Но может быть, здесь можно прикоснуться к культурным корням, ощутить аромат предания, из которого растет любое искусство? Увы. Есть резервации с их музейным, по правде говоря, обликом. Есть индейские названия, они сохранились во множестве — Массачусетс, Делавер, Чаттануга, Потомак, но продуктивный диалог культур так и не наладился. «Наследник» попросту не слышит «предшественника». И вообще, фигурально выражаясь, мифологию аборигенов придумали Купер и в первую очередь Лонгфелло со своим знаменитым «Гайаватой». Мухтару Ауэзову тоже приходилось обрабатывать народные предания. Естественно, при этом утрачивается свежесть оригинала, такова судьба любого мифа. Попадая на иную планету, планету письменной литературы, он с неизбежностью преобразуется в соответствии с духом и всегда эгоистическими потребностями эпохи. Неизменно чувствуется также рука «переводчика». Чем она увереннее, тем дальше отступает в тень оригинал. В этом смысле уже Федра Софокла далека от героини легенды, и еще дальше Федра Расина, не говоря уж о Федре Жана Ануя. Тем не менее основа не размывается, нечто общее, прежде всего в характере, остается. Пережив на протяжении тысячелетий огромное количество культурных превращений, возрожденная в XX веке Федра все же перекликается с мифологической предшественницей, как не утрачивают родства с легендарными Лейли и Меджнуном, Енлик и Кебеком их литературные аватары. Ну а между героями индейских сказаний и персонажами «Песни о Гайа-вате» общего осталось — одни имена. Это чудесная фантазия, это великолепная поэтическая стилизация.

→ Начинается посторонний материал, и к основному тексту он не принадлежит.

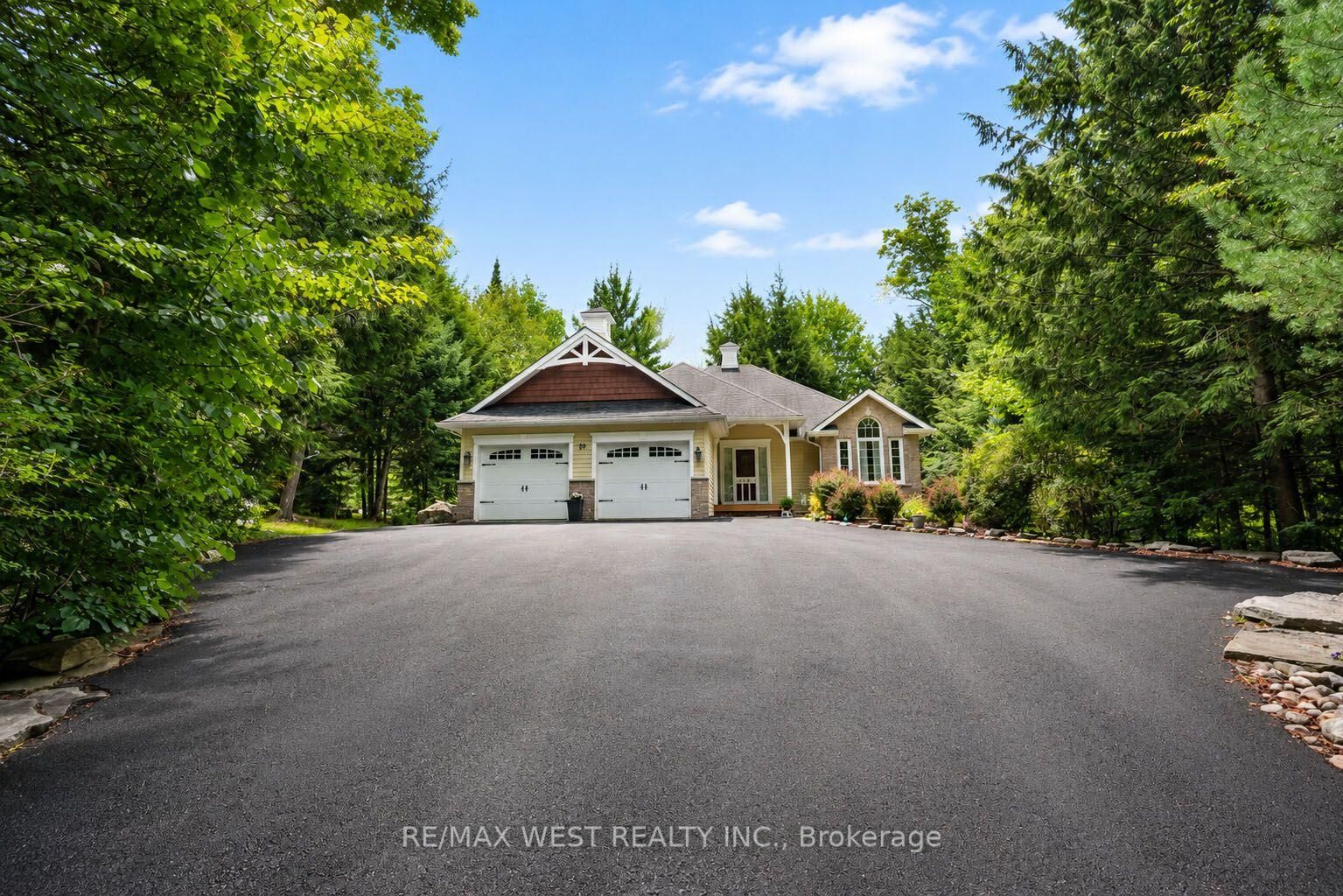 Property Photo:  20 Deerhurst Highlands Drive  ON P1H 1B1 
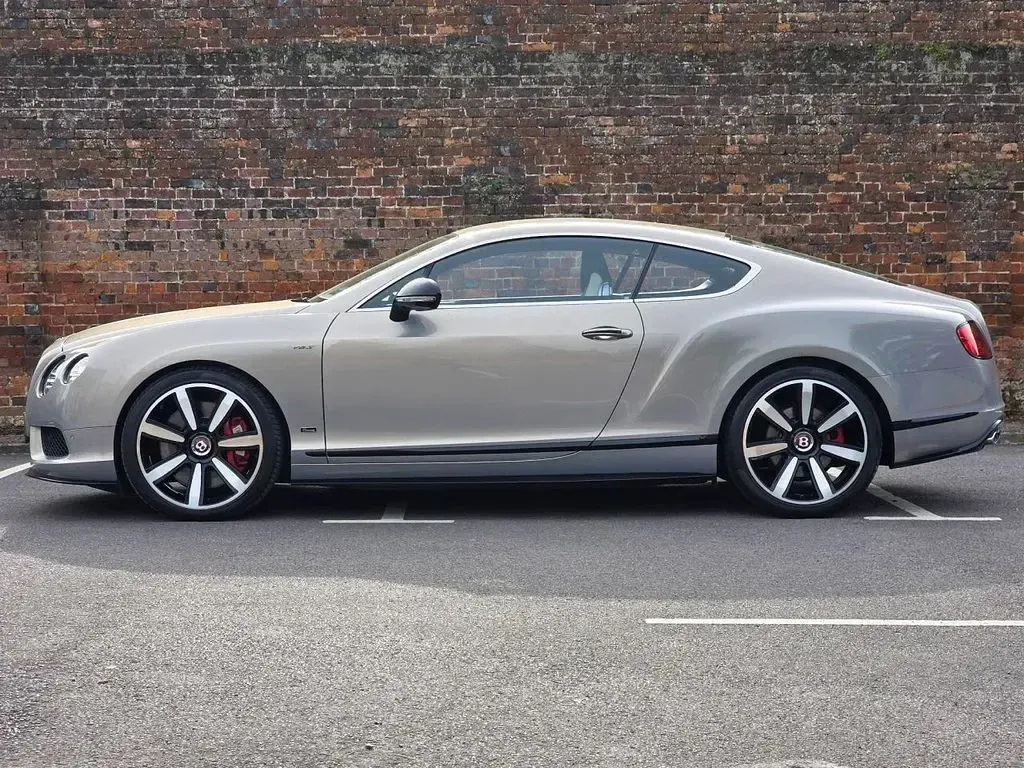Used Bentley Continental 528 HP (388 kW) 2015 Grey Coupe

Вот обо всем об этом, а вовсе не о преимуществах социализма, и думал, наверное, Мухтар Ауэзов, «спокойно шагая по скудной каменистой почве».
Приближаясь после многочасового полета к Нью-Йорку, он еще был полон предчувствий чего-то неведомого, и казалось, интуиция его не обманывает. «Я увидел, — рассказывает он, — гигантские небоскребы, и они внезапно напомнили мне окаменевшие поэмы, неровными строками вписанные человеком в небо. Я поделился впечатлением со своим спутником Степаном Щипачевым. Ему так понравился этот образ, что он попросил подарить его ему». И действительно, скоро появилось стихотворение Щипачева «Нью-Йорк», с посвящением Мухтару Ауэзову. Начиналось оно так:
Но потом это предчувствие куда-то пропало, побежали километры, неразличимо, — или так только казалось заскучавшему путнику? — похожие друг на друга, начали наслаиваться одна на другую встречи-беседы, и ничто не тревожило душу и не волновало воображения. Лишь однажды, уже перед самым отъездом, он оживился. Произошло это снова в Нью-Йорке. На сей раз Олесь Гончар находит, кажется, точные слова:
«На одном вечере, устроенном в честь делегации советских писателей, Ауэзову самому пришлось выступать в роли акына, в роли блестящего поэта-импровизатора… Ауэзов посвятил свое слово Нью-Йорку, он словно листал каменную книгу его небоскребов и читал ее действительно как мудрец, как человек, вышедший из бурных ночей своего далекого детства, из диких необозримых степей поднявшийся к вершинам человеческой культуры и постигший многое, чем хочет поделиться с людьми».
Потом была снова дорога через океан. Ауэзов подгонял время, и, миновав восемь часовых поясов, едва ступив на землю, по воспоминаниям кого-то из встречавших, проговорил якобы:
«Лучше, чем в Америке, я понял Христофора Колумба над Москвой. Когда показались огни, я тоже, как он, хотел крикнуть: «Земля!» Очень уж долог был наш путь».
Немного отдает литературой, но, вполне возможно, что-то в этом роде и было. Ауэзову действительно не терпелось вернуться домой, он на самом деле соскучился по Алма-Ате, где ждала его не только семья, не только привычное небо, привычные запахи и привычная суета. Еще лет пять назад возник у него замысел новой книги, никак она не ложилась на бумагу, дробилась на фрагменты, иные из которых доходили до читателя в виде очерков, а когда все вроде сложилось, подоспела эта поездка в Америку — как откажешься? И вот теперь можно было начинать.
За полгода до этого, в июне 59-го, обмолвился об этой вещи в письме давнему своему другу и переводчице Зое Кедриной. Письмо вообще-то о другом — о славной погоде на Иссык-Куле, где он проводит лето, о домашних делах, о том, чем занят, а занят обработкой старых вещей — «Выстрела на перевале» («получилась настоящая социально-психологическая, насыщенная, напряженно-интересная вещь»), трагедии «Карагоз». И лишь в скобках — «прежде, чем перейти к современному роману, необходимо было связать концы прошлого».